Your objective:
Look through the records below and collect all lines that hold the string "with".

***** Record excerpts *****

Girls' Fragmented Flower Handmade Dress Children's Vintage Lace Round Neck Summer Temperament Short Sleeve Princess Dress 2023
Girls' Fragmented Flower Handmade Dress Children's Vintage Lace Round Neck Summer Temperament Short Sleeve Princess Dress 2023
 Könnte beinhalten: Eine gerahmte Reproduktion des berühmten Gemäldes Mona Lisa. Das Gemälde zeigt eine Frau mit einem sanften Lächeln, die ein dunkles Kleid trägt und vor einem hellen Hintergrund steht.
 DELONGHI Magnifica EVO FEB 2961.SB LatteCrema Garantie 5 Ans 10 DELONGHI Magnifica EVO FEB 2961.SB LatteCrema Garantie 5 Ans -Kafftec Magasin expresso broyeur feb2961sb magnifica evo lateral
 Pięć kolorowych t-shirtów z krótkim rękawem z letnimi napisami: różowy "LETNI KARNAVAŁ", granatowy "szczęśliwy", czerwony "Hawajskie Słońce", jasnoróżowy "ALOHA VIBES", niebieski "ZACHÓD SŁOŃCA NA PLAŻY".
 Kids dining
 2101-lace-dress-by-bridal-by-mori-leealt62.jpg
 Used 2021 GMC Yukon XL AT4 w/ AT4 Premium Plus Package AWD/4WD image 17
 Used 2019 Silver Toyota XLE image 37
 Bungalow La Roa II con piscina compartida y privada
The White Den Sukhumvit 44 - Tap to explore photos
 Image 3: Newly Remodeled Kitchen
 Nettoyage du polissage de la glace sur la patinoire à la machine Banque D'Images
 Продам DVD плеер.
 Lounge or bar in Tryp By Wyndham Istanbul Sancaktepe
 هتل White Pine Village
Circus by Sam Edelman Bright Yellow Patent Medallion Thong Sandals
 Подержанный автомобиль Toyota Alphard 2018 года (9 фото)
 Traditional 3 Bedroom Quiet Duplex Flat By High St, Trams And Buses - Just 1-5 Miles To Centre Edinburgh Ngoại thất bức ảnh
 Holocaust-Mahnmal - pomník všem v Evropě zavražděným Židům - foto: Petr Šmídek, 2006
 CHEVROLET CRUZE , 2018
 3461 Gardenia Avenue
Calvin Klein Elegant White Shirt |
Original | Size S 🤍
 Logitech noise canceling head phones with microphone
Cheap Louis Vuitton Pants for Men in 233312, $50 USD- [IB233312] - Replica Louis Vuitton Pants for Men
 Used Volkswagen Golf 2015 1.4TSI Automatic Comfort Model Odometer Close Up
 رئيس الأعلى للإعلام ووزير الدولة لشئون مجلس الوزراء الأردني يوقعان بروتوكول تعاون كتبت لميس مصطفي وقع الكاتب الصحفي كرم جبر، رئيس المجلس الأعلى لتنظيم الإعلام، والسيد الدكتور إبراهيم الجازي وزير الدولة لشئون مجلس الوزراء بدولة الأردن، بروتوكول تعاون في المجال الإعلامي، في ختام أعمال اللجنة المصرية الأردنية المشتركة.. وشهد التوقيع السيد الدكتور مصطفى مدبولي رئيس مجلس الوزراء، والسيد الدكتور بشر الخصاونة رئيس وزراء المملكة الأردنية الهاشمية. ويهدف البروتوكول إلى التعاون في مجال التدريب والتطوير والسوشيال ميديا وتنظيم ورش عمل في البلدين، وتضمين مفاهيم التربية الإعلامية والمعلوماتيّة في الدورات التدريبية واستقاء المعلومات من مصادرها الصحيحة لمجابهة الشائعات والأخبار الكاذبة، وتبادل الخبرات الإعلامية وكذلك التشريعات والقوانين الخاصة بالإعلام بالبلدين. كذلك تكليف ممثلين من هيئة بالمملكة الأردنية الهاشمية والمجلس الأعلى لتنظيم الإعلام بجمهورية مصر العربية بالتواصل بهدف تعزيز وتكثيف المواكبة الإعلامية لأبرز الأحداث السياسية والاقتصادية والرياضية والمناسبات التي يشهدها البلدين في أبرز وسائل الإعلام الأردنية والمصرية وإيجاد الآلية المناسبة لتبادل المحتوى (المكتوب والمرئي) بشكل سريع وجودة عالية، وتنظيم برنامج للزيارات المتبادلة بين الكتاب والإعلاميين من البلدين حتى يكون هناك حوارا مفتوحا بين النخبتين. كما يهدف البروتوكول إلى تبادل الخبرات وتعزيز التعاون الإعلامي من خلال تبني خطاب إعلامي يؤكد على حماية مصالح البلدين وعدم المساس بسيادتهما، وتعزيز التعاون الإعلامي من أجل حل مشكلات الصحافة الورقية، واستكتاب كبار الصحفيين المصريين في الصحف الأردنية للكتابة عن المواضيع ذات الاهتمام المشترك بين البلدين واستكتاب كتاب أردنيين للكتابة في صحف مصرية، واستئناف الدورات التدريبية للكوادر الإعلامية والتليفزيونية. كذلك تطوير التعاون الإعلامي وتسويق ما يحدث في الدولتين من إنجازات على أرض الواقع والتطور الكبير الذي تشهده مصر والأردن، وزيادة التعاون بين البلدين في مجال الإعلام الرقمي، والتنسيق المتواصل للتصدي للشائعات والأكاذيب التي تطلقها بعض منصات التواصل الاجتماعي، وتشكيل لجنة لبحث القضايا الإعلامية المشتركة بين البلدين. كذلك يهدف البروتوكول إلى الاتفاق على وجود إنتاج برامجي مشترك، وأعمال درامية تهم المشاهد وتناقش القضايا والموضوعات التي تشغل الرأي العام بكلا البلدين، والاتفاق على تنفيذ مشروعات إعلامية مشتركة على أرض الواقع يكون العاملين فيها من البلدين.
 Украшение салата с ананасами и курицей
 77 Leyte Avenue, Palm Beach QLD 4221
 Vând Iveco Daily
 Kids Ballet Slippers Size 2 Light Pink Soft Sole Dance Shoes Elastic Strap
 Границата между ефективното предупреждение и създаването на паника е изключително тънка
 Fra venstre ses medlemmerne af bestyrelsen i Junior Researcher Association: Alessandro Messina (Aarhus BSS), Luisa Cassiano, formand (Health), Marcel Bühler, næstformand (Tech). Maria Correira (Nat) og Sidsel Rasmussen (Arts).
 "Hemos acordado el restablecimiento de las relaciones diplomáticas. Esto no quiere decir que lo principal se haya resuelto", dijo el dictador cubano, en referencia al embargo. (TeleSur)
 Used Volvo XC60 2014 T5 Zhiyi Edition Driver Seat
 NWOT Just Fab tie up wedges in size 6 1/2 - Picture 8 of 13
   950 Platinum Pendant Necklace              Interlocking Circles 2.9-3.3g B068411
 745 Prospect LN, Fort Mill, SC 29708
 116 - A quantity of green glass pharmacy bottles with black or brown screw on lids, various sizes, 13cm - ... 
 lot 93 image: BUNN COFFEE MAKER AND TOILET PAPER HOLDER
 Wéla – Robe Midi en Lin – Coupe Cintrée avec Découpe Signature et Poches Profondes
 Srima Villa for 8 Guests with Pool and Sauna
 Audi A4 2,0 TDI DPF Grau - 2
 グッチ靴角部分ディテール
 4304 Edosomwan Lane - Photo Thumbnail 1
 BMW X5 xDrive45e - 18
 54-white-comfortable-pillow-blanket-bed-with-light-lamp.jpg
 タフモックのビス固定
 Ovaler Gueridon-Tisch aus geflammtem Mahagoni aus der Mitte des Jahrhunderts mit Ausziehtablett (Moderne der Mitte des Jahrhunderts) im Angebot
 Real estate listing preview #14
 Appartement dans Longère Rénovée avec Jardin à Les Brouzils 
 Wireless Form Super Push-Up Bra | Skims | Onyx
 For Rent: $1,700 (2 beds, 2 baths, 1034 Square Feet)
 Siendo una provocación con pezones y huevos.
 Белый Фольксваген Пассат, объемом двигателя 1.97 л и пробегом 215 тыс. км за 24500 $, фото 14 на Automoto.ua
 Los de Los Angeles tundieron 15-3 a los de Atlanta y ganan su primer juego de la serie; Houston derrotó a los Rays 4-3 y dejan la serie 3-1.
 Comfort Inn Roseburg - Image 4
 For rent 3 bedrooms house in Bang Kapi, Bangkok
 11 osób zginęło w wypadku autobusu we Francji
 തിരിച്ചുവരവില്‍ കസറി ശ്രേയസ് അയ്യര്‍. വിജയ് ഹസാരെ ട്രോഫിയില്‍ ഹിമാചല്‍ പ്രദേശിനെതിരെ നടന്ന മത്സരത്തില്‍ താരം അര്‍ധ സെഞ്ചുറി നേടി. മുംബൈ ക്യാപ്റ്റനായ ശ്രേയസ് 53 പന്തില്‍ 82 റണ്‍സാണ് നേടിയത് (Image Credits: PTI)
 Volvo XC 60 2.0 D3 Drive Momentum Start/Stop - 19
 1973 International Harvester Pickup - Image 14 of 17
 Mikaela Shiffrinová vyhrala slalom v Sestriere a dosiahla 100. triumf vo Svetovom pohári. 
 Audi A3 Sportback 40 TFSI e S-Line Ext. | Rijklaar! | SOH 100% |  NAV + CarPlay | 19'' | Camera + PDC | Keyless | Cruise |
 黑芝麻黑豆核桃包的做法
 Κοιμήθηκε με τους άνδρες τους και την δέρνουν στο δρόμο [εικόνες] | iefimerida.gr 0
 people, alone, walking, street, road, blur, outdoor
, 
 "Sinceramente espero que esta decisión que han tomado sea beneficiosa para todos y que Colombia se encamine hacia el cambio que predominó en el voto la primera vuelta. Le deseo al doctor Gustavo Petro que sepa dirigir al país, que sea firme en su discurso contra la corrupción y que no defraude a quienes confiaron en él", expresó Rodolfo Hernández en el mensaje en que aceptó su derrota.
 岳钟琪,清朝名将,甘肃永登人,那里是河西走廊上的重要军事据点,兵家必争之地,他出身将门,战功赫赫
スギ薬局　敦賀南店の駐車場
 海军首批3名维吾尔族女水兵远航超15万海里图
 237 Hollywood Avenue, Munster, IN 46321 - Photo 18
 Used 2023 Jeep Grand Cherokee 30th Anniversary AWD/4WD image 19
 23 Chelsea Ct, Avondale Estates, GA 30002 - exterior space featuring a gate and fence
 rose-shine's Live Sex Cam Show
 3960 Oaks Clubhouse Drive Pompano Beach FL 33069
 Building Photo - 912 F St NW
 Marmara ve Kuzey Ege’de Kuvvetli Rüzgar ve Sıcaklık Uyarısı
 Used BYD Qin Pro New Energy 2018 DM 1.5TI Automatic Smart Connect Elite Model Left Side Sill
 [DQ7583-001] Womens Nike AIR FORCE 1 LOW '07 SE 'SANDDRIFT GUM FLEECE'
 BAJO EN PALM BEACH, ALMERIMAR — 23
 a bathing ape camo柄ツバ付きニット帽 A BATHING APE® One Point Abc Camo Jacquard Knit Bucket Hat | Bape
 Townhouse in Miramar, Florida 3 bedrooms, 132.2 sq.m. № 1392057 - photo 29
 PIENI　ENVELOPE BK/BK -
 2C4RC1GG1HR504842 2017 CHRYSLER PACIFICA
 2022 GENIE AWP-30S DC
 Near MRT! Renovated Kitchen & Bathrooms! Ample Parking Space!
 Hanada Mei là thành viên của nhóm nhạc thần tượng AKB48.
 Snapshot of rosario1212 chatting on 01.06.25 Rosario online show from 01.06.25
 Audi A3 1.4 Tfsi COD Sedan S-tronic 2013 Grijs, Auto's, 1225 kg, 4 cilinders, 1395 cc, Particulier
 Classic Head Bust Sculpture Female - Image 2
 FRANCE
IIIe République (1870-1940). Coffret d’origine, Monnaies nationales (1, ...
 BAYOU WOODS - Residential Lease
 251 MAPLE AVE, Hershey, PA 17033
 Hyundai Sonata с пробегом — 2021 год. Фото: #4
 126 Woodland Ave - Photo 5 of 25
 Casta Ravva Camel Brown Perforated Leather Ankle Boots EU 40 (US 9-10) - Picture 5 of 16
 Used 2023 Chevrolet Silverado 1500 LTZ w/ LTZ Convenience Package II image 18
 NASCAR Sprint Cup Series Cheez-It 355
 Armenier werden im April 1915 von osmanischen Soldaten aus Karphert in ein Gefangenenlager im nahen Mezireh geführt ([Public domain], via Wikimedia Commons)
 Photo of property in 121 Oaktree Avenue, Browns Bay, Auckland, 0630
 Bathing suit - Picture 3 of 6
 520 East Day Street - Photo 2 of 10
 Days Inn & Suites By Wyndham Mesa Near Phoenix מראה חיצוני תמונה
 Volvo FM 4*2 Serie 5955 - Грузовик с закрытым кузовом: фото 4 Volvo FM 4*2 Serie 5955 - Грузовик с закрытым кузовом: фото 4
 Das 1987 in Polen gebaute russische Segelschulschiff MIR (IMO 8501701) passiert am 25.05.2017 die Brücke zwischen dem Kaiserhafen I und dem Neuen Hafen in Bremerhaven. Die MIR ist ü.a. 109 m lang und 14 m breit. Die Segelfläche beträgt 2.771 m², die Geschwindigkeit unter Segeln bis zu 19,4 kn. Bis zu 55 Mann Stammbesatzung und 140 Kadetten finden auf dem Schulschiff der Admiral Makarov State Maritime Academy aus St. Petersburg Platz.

*****

Output below:
 Logitech noise canceling head phones with microphone
 116 - A quantity of green glass pharmacy bottles with black or brown screw on lids, various sizes, 13cm - ... 
 Srima Villa for 8 Guests with Pool and Sauna
 54-white-comfortable-pillow-blanket-bed-with-light-lamp.jpg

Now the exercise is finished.